EVDEKİ iki kızımı edindiğim yıllar, hayvanlarla insanlar arasında ayrım yapıyordum henüz. Birine Yelloz, birine Fıstık demem ondan. Tintin zaten ismiyle geldi. Şimdiki aklım olsaydı insan ismi koyardım.
Onları bizden saydığımı anlasınlar diye. Ama artık değiştiremem tabii.
Fakat bundan sonrakilere insan ismi koyacağım. Hatta birine koydum bile.
***
Sokakta onlarca kedim var. Birine araba çarptı geçenlerde, bacağı kırıldı. Şu anda Kuruçeşme’de ‘Pako’ kliniğinde yatıyor. Bacağına protez takıldı. Bu arada Pako’da hayvanlara gösterilen ilgi ve şefkat yoğunluğundan bahsetmeden geçemeyeceğim.
‘Normali bu değil mi?’ diyeceksiniz.
‘Normal’den kastınız ‘yaygın olan’sa, değil. Hayvanlarla çok haşır neşir olan biri olarak çoğu veterinerin hayvan sevmediğine tanık oldum defalarca. Sırf puanları veteriner fakültesini tuttuğu için, mecburiyetten seçmişler bu mesleği. Her hallerinden belli oluyor. E, doktorların da tamamının yoğun insan sevgisinden ötürü o beyaz gömleği giydiğini söyleyemeyiz. Neyse oraları karıştırmayalım şimdi.
***
Ne diyordum, ha, bacağı protezli sokak kedisi Pako’da yatıyor. Hemen hemen her gün uğrayıp bakıyorum. Şimdi onunla özel bir bağ kuruldu aramızda. Kalabalıkların içinde herhangi bir kedi değil o bundan böyle.
Geçen gün artık ona bir isim koymam gerektiğini düşündüm. Tabii ki insan ismi... Ama alelade bir isim değil. Sevdiğim birinin ismi olmalıydı. Hem o da hayvansever olmalıydı ki yanlış anlamasın... Kedi erkek.
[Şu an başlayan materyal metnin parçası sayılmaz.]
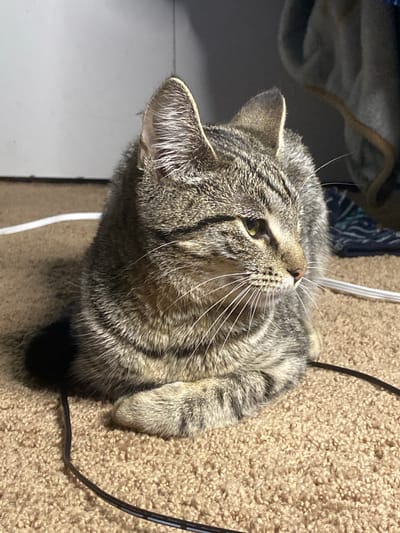 A tabby cat is lying on a light brown carpet. The cat is facing to the right, with its paws tucked underneath its body. The cat has green eyes and is looking off into the distance. There are two white cords and one black cord on the carpet around the cat. In the background, there is a white wall and a blurry image of some fabric. The image appears to be taken indoors. There is no indication of the location in Elizabeth City, United States.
Ne olabilir, ne olabilir diye düşünürken şimşek çaktı!
‘Ertuğrul.’
Evet, Ertuğrul koydum kedinin adını. Gazetenin yılbaşı kutlamasında sevgili Ertuğrul Özkök’ün onayını da aldım. O da benden izin almıştı köpeğinin ismini ‘Pakize’ koyarken. Aynı zamanda bunu bu köşeden sizlere bildirip bildiremeyeceğimi de sordum. Ona da memnun olacağını söyledi.
***
Biz Ertuğrul Özkök’le hayvanların kötü emellere alet edilmesini protesto ettik bir nevi... Birbirlerini birtakım hayvanlara benzetenlere, onlar üzerinden birbirlerine aşağılayıcı göndermeler yapanlara biz de bir gönderme yaptık.
Bir etkisi olur mu?
Sanmıyorum. Ama biz kendi çapımızda bir şeyler yaptık işte. ‘Anlayana sivrisinek saz, anlamayana davul zurna az.’
MIŞ-MUŞ
Baykal, ‘Kıbrıs bizim namus borcumuzdur’ demiş.
Aman namusu karıştırmayalım şimdi... Bu namus denen şeyin yöntemi, hepimizce malum, ‘temizlenmesi’ durumu da oluyor biliyorsunuz.
*
AKP’nin kadın milletvekillerinden biri, başı açık kadınlarla görüşmeyen, el sıkmayan il başkanına tepki olsun diye istifa etmiş.
İl başkanı zil takıp ağlamıştır artık...
*
Uzan yatında 1000 Euro’luk tuzluk varmış.
Ben onların yerinde olsam tuzun içine altın tozu da serpiştirirdim.
*
Asgari ücret zamlanmış, 350 milyon lira olmuş.
Yaşamak için ‘asgari ücret’ devletten, ‘azami gayret’ milletten!